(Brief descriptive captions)
..............................
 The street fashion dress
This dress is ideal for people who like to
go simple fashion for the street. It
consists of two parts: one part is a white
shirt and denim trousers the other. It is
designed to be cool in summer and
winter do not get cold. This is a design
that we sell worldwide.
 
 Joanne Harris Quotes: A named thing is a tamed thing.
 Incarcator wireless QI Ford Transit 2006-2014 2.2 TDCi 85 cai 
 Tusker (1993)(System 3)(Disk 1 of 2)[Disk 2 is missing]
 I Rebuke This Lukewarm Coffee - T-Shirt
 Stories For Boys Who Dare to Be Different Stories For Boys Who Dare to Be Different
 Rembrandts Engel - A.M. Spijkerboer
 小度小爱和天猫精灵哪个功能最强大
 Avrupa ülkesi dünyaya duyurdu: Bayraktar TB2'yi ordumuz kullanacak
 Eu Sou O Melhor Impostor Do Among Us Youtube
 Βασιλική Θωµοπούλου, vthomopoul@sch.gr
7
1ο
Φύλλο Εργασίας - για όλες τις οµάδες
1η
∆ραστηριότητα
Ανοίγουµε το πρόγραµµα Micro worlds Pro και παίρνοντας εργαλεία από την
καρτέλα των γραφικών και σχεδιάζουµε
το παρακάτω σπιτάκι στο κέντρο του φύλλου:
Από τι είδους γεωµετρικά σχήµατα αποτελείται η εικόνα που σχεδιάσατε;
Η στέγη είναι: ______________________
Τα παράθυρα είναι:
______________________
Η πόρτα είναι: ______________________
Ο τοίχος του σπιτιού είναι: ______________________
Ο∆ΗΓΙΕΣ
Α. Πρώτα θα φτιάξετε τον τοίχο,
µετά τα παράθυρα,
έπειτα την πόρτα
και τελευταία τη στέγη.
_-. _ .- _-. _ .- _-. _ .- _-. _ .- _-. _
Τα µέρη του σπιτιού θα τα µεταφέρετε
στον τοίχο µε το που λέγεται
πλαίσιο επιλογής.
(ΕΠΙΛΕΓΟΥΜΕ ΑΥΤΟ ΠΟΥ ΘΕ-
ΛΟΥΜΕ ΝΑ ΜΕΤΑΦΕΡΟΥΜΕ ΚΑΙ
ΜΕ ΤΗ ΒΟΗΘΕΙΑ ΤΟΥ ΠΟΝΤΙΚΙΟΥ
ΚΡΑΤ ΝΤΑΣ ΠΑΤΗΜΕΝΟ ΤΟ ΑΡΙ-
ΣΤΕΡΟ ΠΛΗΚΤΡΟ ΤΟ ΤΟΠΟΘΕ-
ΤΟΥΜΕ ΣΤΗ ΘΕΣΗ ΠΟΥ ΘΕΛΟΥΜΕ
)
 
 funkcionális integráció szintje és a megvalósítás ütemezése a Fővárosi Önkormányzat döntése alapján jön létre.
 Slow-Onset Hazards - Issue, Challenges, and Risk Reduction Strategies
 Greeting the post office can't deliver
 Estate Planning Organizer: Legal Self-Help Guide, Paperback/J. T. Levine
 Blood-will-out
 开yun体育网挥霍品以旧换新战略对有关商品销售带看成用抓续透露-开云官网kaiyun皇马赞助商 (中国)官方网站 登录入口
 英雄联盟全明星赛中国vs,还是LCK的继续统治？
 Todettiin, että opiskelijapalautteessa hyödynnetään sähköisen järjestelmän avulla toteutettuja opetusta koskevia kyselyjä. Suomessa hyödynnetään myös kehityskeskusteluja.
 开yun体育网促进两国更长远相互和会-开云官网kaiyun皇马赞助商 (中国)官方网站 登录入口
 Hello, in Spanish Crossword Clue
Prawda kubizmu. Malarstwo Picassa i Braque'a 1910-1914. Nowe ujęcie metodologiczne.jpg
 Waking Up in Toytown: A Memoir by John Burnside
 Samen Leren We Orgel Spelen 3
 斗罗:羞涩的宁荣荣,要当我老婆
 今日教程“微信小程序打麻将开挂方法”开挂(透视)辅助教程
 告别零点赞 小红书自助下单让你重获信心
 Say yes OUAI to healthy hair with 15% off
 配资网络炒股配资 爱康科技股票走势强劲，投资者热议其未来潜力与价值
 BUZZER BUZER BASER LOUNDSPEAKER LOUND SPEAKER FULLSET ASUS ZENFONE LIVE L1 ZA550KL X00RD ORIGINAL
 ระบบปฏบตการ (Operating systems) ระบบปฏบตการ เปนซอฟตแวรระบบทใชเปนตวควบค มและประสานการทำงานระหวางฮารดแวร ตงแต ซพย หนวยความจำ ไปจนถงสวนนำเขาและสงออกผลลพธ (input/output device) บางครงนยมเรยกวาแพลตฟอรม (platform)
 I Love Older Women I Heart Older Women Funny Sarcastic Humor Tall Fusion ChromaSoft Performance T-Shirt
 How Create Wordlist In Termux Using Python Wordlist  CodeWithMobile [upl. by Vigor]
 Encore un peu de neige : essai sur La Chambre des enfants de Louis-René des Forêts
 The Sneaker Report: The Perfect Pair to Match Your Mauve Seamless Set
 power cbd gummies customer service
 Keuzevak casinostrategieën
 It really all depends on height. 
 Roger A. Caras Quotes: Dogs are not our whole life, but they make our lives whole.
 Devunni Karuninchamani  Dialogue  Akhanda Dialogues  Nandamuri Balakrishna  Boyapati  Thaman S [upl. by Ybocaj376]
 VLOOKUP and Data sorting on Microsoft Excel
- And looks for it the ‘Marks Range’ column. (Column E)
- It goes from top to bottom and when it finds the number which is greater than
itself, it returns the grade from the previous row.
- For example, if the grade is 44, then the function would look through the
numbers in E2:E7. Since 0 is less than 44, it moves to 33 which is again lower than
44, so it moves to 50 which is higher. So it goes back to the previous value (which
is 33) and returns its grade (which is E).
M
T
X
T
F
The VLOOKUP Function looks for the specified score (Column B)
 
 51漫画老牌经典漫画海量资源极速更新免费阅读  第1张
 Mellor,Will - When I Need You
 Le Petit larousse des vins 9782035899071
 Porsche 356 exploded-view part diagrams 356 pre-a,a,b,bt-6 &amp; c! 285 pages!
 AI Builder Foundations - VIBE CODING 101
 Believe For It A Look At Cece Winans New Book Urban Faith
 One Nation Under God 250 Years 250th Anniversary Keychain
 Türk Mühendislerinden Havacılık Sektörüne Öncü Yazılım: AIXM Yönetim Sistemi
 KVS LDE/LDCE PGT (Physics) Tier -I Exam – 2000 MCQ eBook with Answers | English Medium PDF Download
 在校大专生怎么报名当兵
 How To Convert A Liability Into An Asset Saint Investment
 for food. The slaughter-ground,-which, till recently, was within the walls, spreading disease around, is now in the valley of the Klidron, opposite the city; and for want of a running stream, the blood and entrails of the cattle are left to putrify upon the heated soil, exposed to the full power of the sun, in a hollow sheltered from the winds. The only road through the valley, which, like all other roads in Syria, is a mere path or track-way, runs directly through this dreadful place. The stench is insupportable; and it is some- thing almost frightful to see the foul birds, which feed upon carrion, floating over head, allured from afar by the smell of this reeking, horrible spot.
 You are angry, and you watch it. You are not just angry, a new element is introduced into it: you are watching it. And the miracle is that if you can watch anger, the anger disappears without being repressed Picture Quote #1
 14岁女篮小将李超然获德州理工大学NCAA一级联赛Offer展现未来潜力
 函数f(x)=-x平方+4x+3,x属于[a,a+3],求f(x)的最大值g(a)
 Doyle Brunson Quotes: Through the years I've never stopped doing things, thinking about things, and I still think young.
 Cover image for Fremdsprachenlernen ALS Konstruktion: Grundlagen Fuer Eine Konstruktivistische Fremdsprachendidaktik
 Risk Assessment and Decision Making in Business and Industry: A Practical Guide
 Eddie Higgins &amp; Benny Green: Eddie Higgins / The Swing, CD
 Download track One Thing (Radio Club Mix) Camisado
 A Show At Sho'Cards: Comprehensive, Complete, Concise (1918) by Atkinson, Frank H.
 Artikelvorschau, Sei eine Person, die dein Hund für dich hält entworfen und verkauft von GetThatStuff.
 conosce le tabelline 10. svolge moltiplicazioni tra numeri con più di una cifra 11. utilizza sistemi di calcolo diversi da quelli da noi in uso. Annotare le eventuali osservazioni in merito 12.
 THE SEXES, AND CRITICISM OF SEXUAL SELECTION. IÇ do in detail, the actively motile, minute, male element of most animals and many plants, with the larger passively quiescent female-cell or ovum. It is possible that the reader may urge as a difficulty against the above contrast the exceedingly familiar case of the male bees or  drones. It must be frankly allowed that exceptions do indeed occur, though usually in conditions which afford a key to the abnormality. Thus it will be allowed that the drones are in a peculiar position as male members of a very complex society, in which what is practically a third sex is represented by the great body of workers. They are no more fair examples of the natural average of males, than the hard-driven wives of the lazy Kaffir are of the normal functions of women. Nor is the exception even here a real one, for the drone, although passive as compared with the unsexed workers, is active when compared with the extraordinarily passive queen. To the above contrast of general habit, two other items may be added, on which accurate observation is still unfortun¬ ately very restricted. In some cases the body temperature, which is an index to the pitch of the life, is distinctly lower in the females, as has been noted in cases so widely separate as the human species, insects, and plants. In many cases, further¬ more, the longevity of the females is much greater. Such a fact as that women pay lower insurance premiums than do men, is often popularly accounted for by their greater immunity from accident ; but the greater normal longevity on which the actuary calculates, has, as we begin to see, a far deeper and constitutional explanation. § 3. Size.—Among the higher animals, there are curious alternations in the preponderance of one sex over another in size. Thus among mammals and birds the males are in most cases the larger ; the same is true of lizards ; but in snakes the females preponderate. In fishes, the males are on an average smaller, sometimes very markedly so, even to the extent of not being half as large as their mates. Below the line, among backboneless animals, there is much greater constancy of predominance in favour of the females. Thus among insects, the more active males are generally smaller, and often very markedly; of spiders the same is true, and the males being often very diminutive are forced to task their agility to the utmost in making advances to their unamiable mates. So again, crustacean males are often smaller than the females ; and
..............................
— Task statement —
In the entries above, the lines between the one holding "Ο τοίχος του" and the one holding "BUZZER BUZER BASER", inclusive, are to be printed exactly as written, and those alone.

— Written response —
Ο τοίχος του σπιτιού είναι: ______________________
Ο∆ΗΓΙΕΣ
Α. Πρώτα θα φτιάξετε τον τοίχο,
µετά τα παράθυρα,
έπειτα την πόρτα
και τελευταία τη στέγη.
_-. _ .- _-. _ .- _-. _ .- _-. _ .- _-. _
Τα µέρη του σπιτιού θα τα µεταφέρετε
στον τοίχο µε το που λέγεται
πλαίσιο επιλογής.
(ΕΠΙΛΕΓΟΥΜΕ ΑΥΤΟ ΠΟΥ ΘΕ-
ΛΟΥΜΕ ΝΑ ΜΕΤΑΦΕΡΟΥΜΕ ΚΑΙ
ΜΕ ΤΗ ΒΟΗΘΕΙΑ ΤΟΥ ΠΟΝΤΙΚΙΟΥ
ΚΡΑΤ ΝΤΑΣ ΠΑΤΗΜΕΝΟ ΤΟ ΑΡΙ-
ΣΤΕΡΟ ΠΛΗΚΤΡΟ ΤΟ ΤΟΠΟΘΕ-
ΤΟΥΜΕ ΣΤΗ ΘΕΣΗ ΠΟΥ ΘΕΛΟΥΜΕ
)
 
 funkcionális integráció szintje és a megvalósítás ütemezése a Fővárosi Önkormányzat döntése alapján jön létre.
 Slow-Onset Hazards - Issue, Challenges, and Risk Reduction Strategies
 Greeting the post office can't deliver
 Estate Planning Organizer: Legal Self-Help Guide, Paperback/J. T. Levine
 Blood-will-out
 开yun体育网挥霍品以旧换新战略对有关商品销售带看成用抓续透露-开云官网kaiyun皇马赞助商 (中国)官方网站 登录入口
 英雄联盟全明星赛中国vs,还是LCK的继续统治？
 Todettiin, että opiskelijapalautteessa hyödynnetään sähköisen järjestelmän avulla toteutettuja opetusta koskevia kyselyjä. Suomessa hyödynnetään myös kehityskeskusteluja.
 开yun体育网促进两国更长远相互和会-开云官网kaiyun皇马赞助商 (中国)官方网站 登录入口
 Hello, in Spanish Crossword Clue
Prawda kubizmu. Malarstwo Picassa i Braque'a 1910-1914. Nowe ujęcie metodologiczne.jpg
 Waking Up in Toytown: A Memoir by John Burnside
 Samen Leren We Orgel Spelen 3
 斗罗:羞涩的宁荣荣,要当我老婆
 今日教程“微信小程序打麻将开挂方法”开挂(透视)辅助教程
 告别零点赞 小红书自助下单让你重获信心
 Say yes OUAI to healthy hair with 15% off
 配资网络炒股配资 爱康科技股票走势强劲，投资者热议其未来潜力与价值
 BUZZER BUZER BASER LOUNDSPEAKER LOUND SPEAKER FULLSET ASUS ZENFONE LIVE L1 ZA550KL X00RD ORIGINAL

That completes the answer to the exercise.